Code Monkey home page Code Monkey logo

Comments (9)

ThisCakeIsALie avatar ThisCakeIsALie commented on May 25, 2024 1

It works! I set my project up on colab and it works with the changes you mentioned (with tensorflow 1.15.2)! Now I just have to figure out what's wrong on my machine (maybe Anaconda messed up some installs?).

But thank you so much for the help. Much appreciated!

from posit.

Sonic714 avatar Sonic714 commented on May 25, 2024 1

Thank you so much for your help! I'll try training a CPU model on my machine. I cannot use GPU because TF 1.15 does not support CUDA 11 and RTX 30 Series GPU.

from posit.

PPPI avatar PPPI commented on May 25, 2024 1

Let me know if there are other issues or you get stuck and I'll try to help!

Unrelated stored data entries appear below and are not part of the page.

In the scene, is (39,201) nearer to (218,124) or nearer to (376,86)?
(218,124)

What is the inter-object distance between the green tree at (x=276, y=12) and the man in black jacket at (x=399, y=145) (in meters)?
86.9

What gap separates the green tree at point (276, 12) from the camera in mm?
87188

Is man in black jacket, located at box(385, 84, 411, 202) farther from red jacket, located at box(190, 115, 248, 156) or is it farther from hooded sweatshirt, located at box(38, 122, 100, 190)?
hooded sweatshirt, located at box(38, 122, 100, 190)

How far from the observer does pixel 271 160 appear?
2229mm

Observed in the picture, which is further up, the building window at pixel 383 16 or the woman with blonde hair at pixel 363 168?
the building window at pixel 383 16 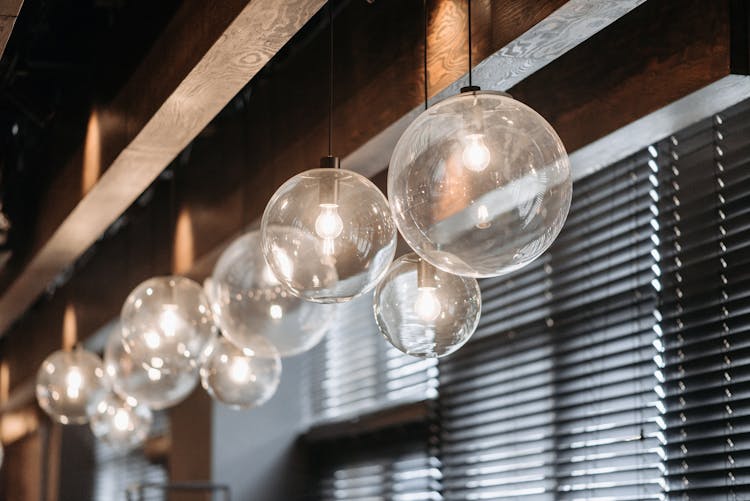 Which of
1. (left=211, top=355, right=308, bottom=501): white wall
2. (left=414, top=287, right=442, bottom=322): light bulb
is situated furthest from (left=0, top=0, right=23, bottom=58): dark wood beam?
(left=211, top=355, right=308, bottom=501): white wall

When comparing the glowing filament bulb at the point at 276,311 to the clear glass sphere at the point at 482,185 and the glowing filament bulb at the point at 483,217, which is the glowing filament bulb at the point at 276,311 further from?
the glowing filament bulb at the point at 483,217

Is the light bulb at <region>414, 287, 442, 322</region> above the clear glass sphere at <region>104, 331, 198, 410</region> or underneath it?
underneath

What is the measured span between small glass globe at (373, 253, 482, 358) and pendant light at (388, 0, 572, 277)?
2.01 ft

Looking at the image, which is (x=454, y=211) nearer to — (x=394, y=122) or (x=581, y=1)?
(x=581, y=1)

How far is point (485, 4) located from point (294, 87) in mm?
1560

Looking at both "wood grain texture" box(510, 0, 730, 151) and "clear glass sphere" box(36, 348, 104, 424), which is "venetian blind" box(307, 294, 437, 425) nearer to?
"clear glass sphere" box(36, 348, 104, 424)

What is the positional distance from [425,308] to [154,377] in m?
1.58

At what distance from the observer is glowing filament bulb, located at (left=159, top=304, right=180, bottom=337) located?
3.61 metres

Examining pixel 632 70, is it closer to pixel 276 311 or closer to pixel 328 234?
pixel 276 311

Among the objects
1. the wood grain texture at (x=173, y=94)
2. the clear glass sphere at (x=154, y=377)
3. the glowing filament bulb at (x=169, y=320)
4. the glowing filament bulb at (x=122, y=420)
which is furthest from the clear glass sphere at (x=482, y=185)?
the glowing filament bulb at (x=122, y=420)

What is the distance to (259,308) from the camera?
306cm

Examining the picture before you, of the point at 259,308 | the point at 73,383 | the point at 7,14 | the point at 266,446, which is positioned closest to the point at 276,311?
the point at 259,308

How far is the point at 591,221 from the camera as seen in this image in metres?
4.05

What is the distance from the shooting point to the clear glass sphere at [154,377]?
3.71 metres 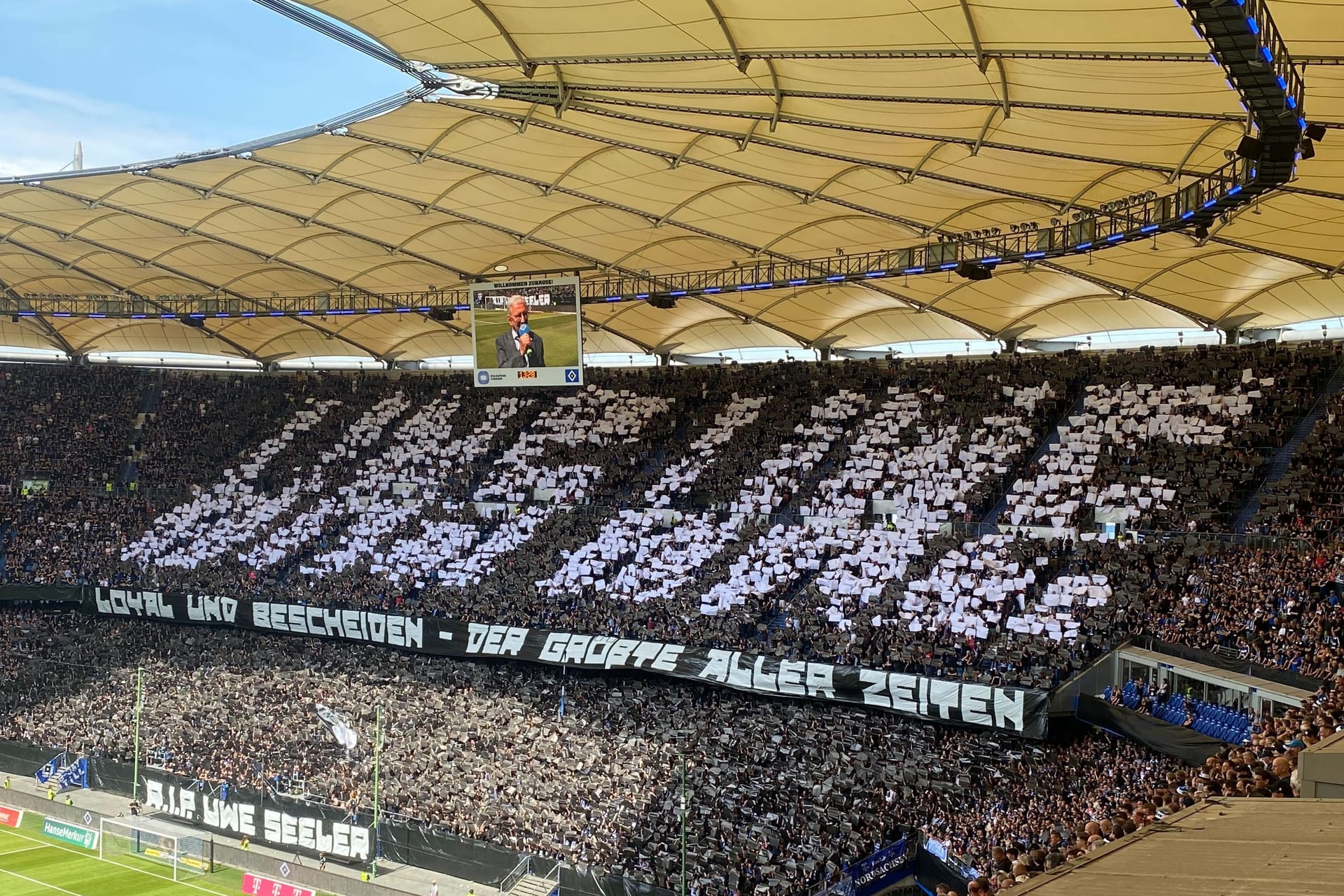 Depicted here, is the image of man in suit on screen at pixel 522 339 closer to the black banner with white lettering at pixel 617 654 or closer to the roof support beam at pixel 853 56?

Good luck!

from posit.

PPPI avatar PPPI commented on May 25, 2024

Could you double check if you are running tensorflow or tensorflow-gpu?
In case you are running tensorflow or tensorflow-gpu in CPU mode, the row-major/column-major format changes.

If this is the reason for the issue (I suspect so, but not sure), then please find line 91 in src/tagger/config.py, it should say

use_cpu = False

Just flip this line over to True.

Sadly, I didn't know of a reliable way to detect if I was running in CPU mode, so it's on the user to flip the flag in the config!

Hope this helps!
-Profir

from posit.

ThisCakeIsALie avatar ThisCakeIsALie commented on May 25, 2024

Thanks for replying so quickly! I was indeed using tensorflow (1.14 to be exact).

Sadly the config change doesn't quite seem to do the trick. The original error vanishes but once again there seems to be some kind of mismatch in dimensions it would seem.

input> This is a test a nd a call to test()
Traceback (most recent call last):
  File "C:\Users\cake\Anaconda3\envs\posit\lib\site-packages\tensorflow\python\client\session.py", line 1356, in _do_call
    return fn(*args)
  File "C:\Users\cake\Anaconda3\envs\posit\lib\site-packages\tensorflow\python\client\session.py", line 1341, in _run_fn
    options, feed_dict, fetch_list, target_list, run_metadata)
  File "C:\Users\cake\Anaconda3\envs\posit\lib\site-packages\tensorflow\python\client\session.py", line 1429, in _call_tf_sessionrun
    run_metadata)
tensorflow.python.framework.errors_impl.InvalidArgumentError: Matrix size-incompatible: In[0]: [10,1], In[1]: [8,4]
         [[{{node feature/bidirectional_rnn/bw/bw/while/lstm_cell_3/BiasAdd_1}}]]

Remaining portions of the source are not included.